[DATA SHOWN]
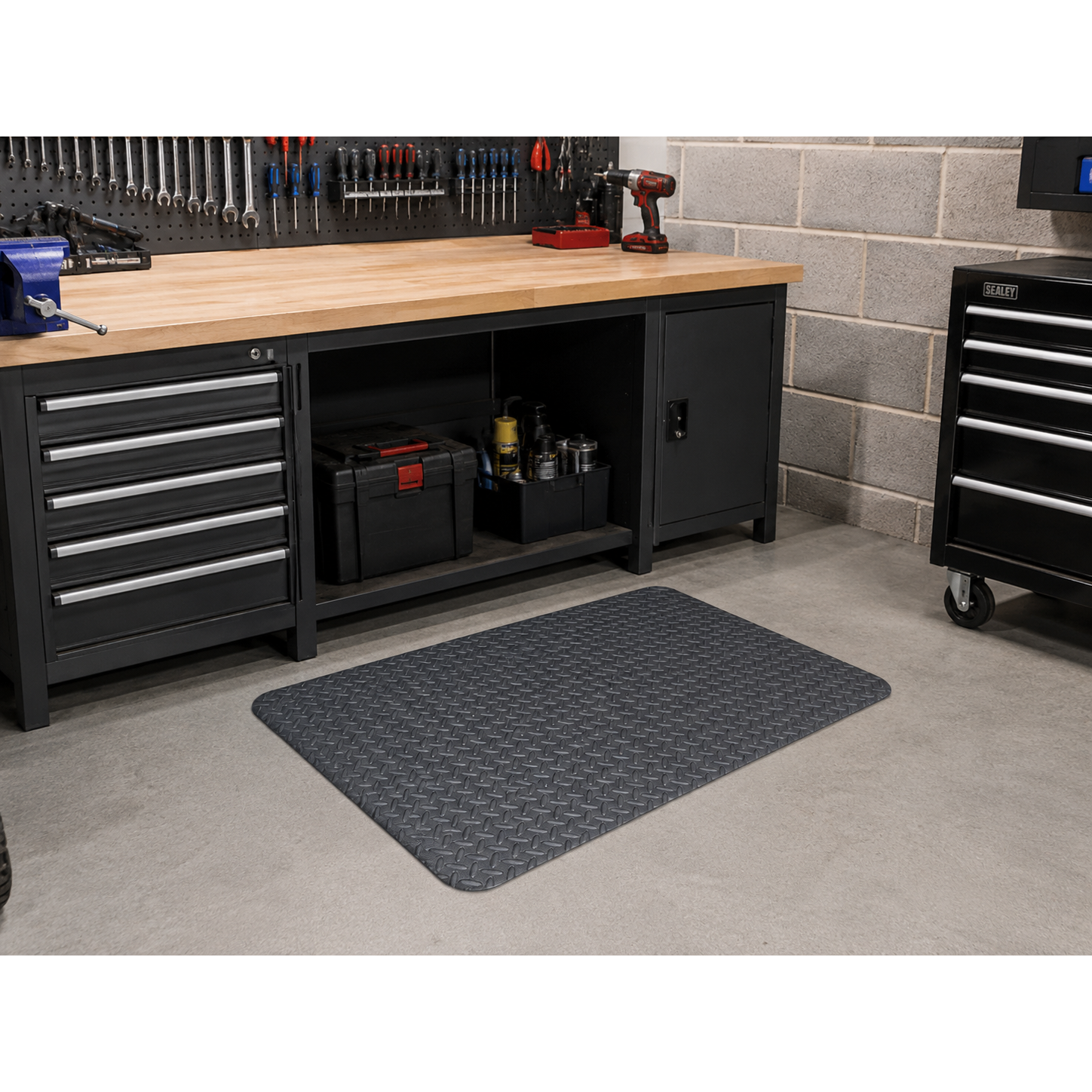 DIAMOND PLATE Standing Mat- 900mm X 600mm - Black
==
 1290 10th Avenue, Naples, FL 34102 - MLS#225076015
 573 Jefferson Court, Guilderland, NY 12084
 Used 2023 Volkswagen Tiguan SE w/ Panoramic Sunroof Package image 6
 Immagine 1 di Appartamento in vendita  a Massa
--
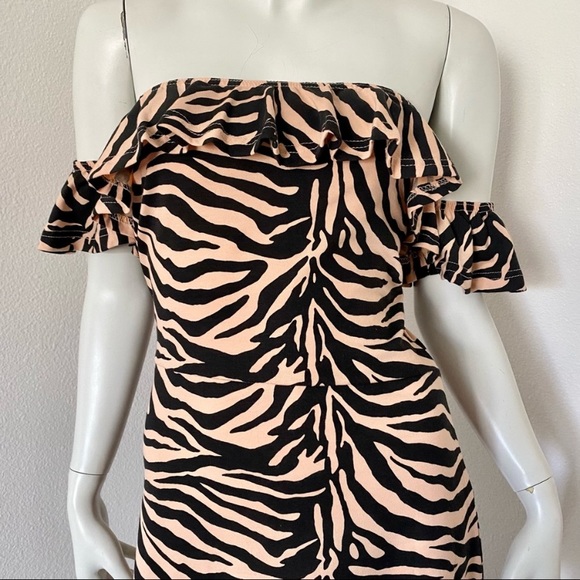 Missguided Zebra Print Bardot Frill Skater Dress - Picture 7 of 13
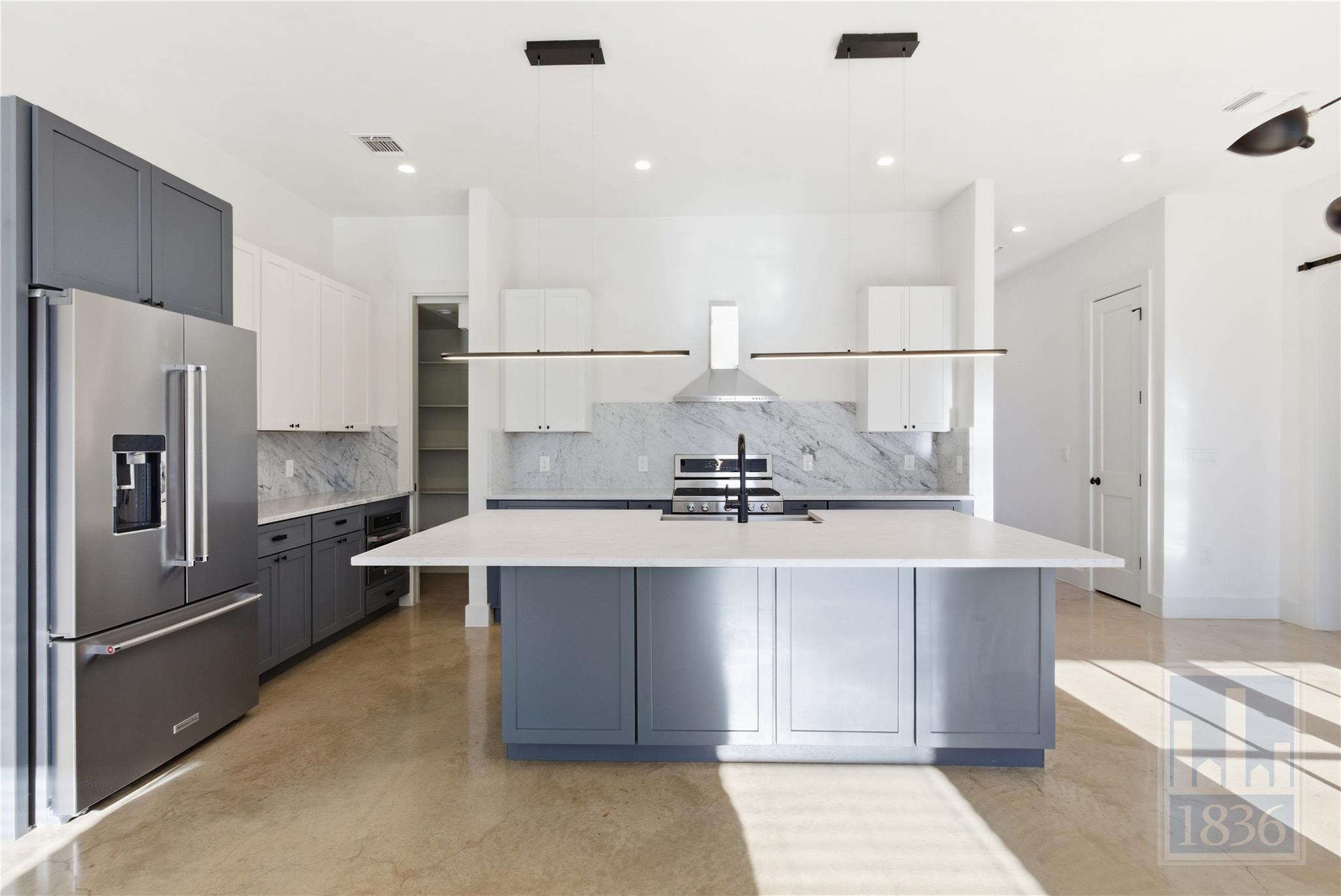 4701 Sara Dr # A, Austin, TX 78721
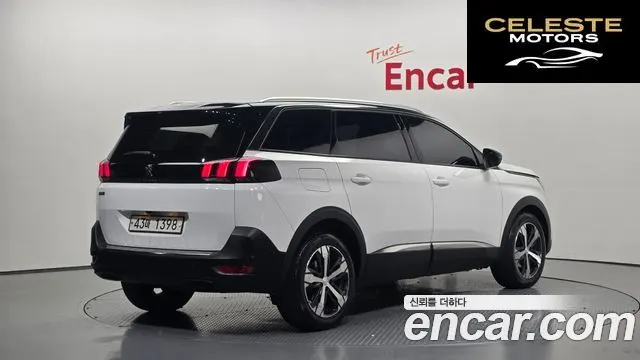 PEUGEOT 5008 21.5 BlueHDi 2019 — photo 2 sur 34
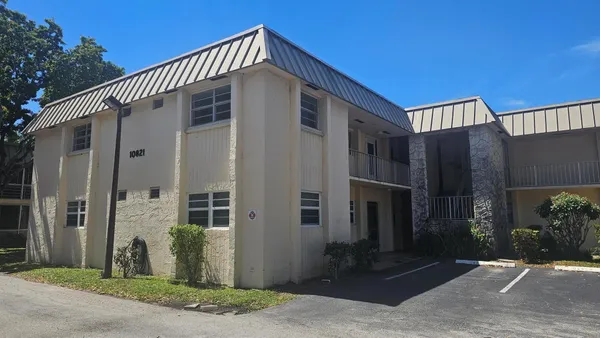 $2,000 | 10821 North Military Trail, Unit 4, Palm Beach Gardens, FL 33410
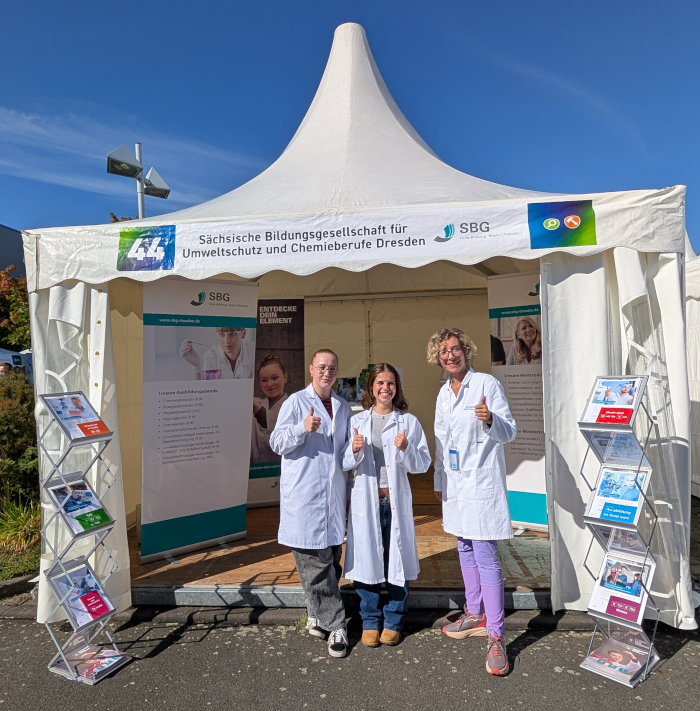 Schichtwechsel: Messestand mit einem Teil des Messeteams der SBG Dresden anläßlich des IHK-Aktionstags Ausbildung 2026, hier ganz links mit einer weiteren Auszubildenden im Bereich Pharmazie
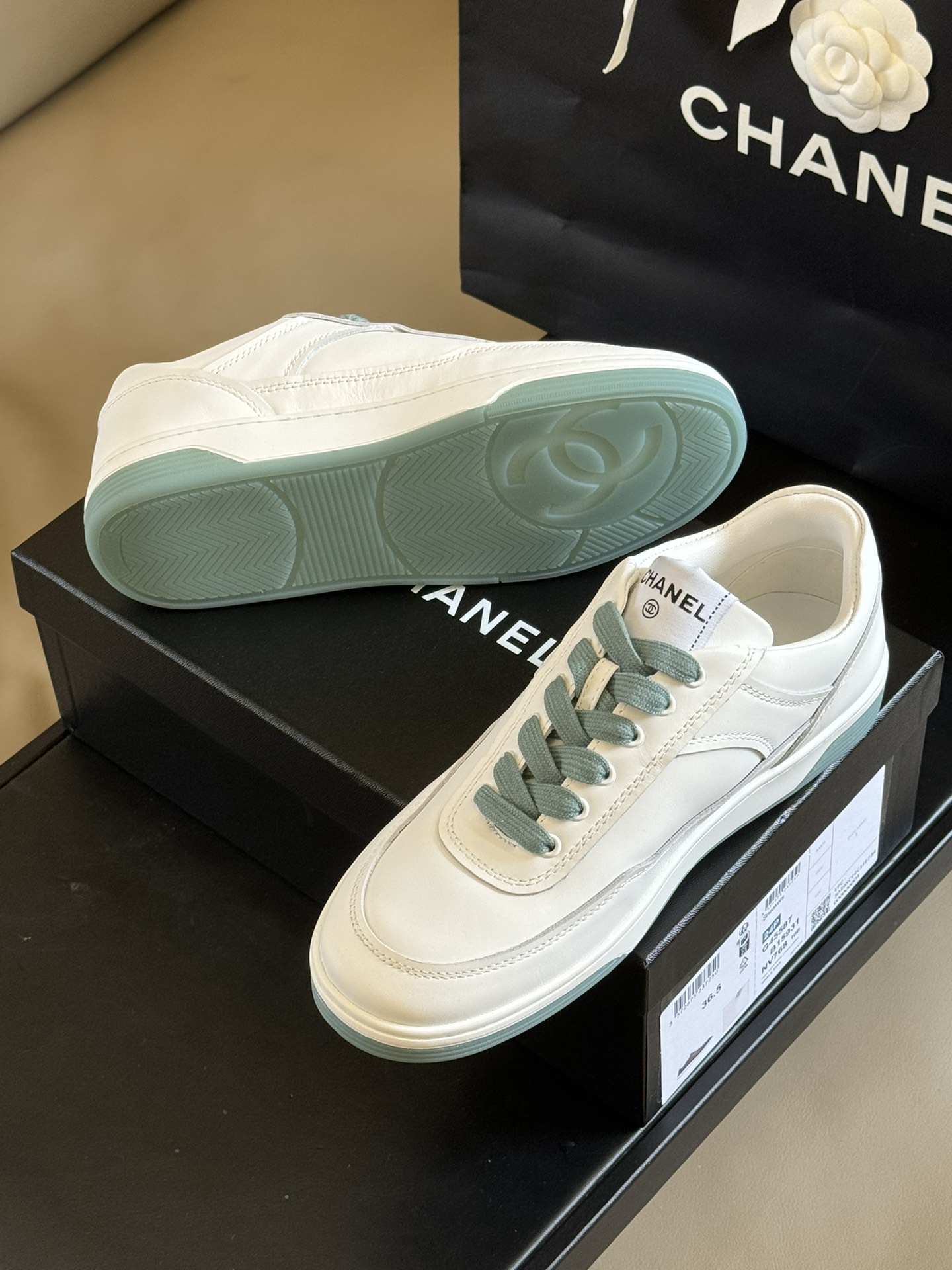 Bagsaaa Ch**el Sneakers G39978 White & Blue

[PROMPT]
Range to copy from the records above: the line containing "4701 Sara Dr # A, Austin, TX 78721" to the line containing "Bagsaaa Ch**el Sneakers G39978 White & Blue", both included. Output those lines exactly and only those, skipping pictures.

[RESULT]
 4701 Sara Dr # A, Austin, TX 78721
 PEUGEOT 5008 21.5 BlueHDi 2019 — photo 2 sur 34
 $2,000 | 10821 North Military Trail, Unit 4, Palm Beach Gardens, FL 33410
 Schichtwechsel: Messestand mit einem Teil des Messeteams der SBG Dresden anläßlich des IHK-Aktionstags Ausbildung 2026, hier ganz links mit einer weiteren Auszubildenden im Bereich Pharmazie
 Bagsaaa Ch**el Sneakers G39978 White & Blue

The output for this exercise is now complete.